March 31, 2018

A place in the sun

In desperate search of the sun the Expat family flew in from Paris, Dubai and Geneva to reunite for a long weekend in Ibiza. Much to our surprise the island season does not begin until May?!? It is a pleasure not being surrounded by tourists constantly and though we don’t exactly blend in we have a good gang of friends that make us feel at home.

And since it’s a bit too chilly to lie on the beach and the wind is so strong it practically blows you off the cliffs, the only alternative is to enjoy the delicious food along with the exquisite company and memorable sunsets. Viva Ibiza!

March 28, 2018

A quick flight back home

When your friend celebrates a big birthday there are no excuses not to party, no matter how far away she lives. Friendship is a precious gift and life is worth celebrating.

With that in mind I travelled to Lugano from Paris for a weekend and treated myself to flying straight to Ticino with SWISS rather than the usual easyjet to Milano Malpensa and then having to trek up from Italy. And what a treat it was...

Taking Switzerland with me from now on...

A little treat from the Lugano tourist office... a traditional Easter "colomba" nicely wrapped up in a mini-suitcase! Ready for take-off!

A spectacular bird's view onto Lugano.

Silserli und Süessmost... the chocolate was eaten before taking off.

Sunset over Lago Ceresio bordering with Italy.

A U-turn and we are traversing the snowy peak of the Swiss Alps.

Thank you SWISS for making me feel at home all the way to Paris Charles de Gaulle.

March 26, 2018

Absurdity of French administration

The time has come to throttle someone from our French insurance company. If I weren't already used to France's bureaucracy I believe I would be having a serious breakdown. I am very close to staging a major tantrum only it would be of no use.

Over the weekend I just read somewhere that Thomas Jefferson once said: "When angry count to ten before you speak: if very angry count to a hundred." Well, I've been counting since this morning...

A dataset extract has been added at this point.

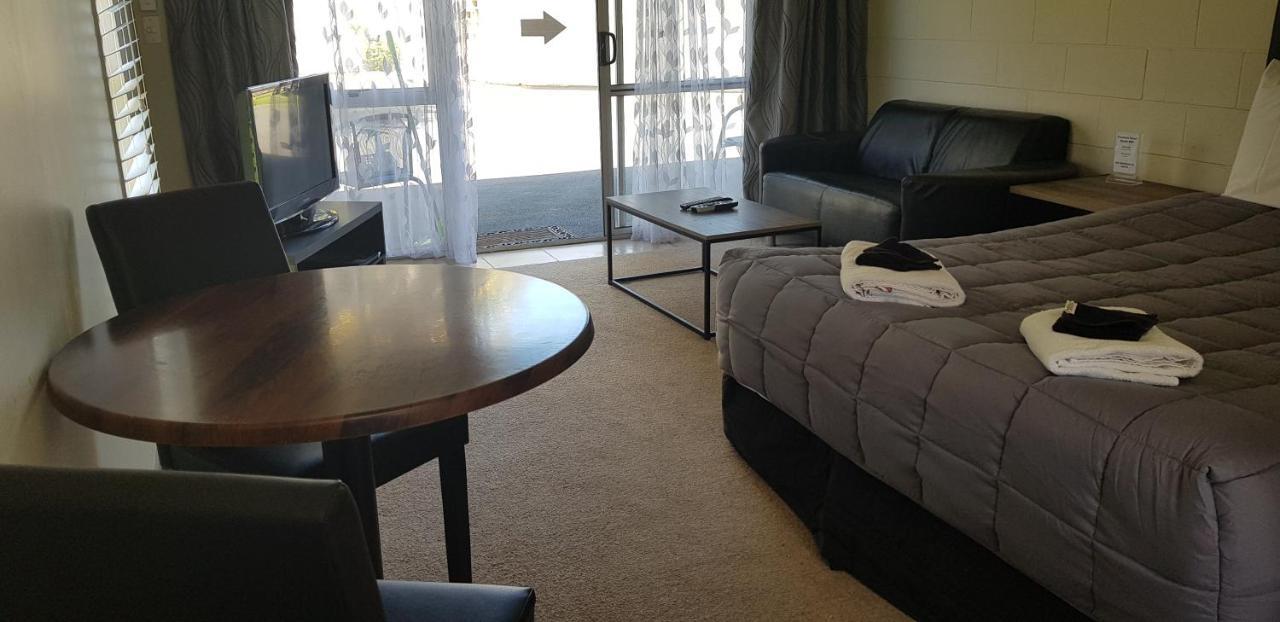 Fountain Court Motel Tauranga Exterior foto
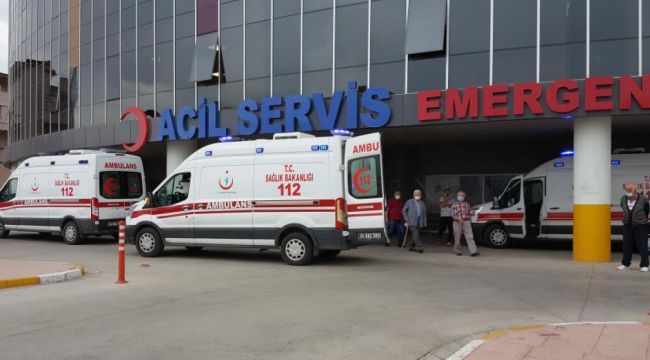 Erzincan'da trafik kazası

I will not bore you with details but I have been fighting it out with the public health service and the private additional health insurance that is customary in France since beginning of November last year!

We are going round in circles and although at least my phone calls are being answered, none of the terribly bored-sounding assistants the other end are able to assist me. My twenty something e-mails have been left unanswered (not one has received a response!) and every letter I send - including original prescriptions and invoices - comes back in its integrity asking for more proof. We are now at round 7 I believe and the paper trail just keeps getting heavier.

The French phone company is making a fortune off my telephone calls. If I did not speak French I would have learnt it over the phone by now! Thank Goodness I can communicate in their language but the lovely bureaucrats still don't seem to understand what I am saying... or, they just could not be bothered.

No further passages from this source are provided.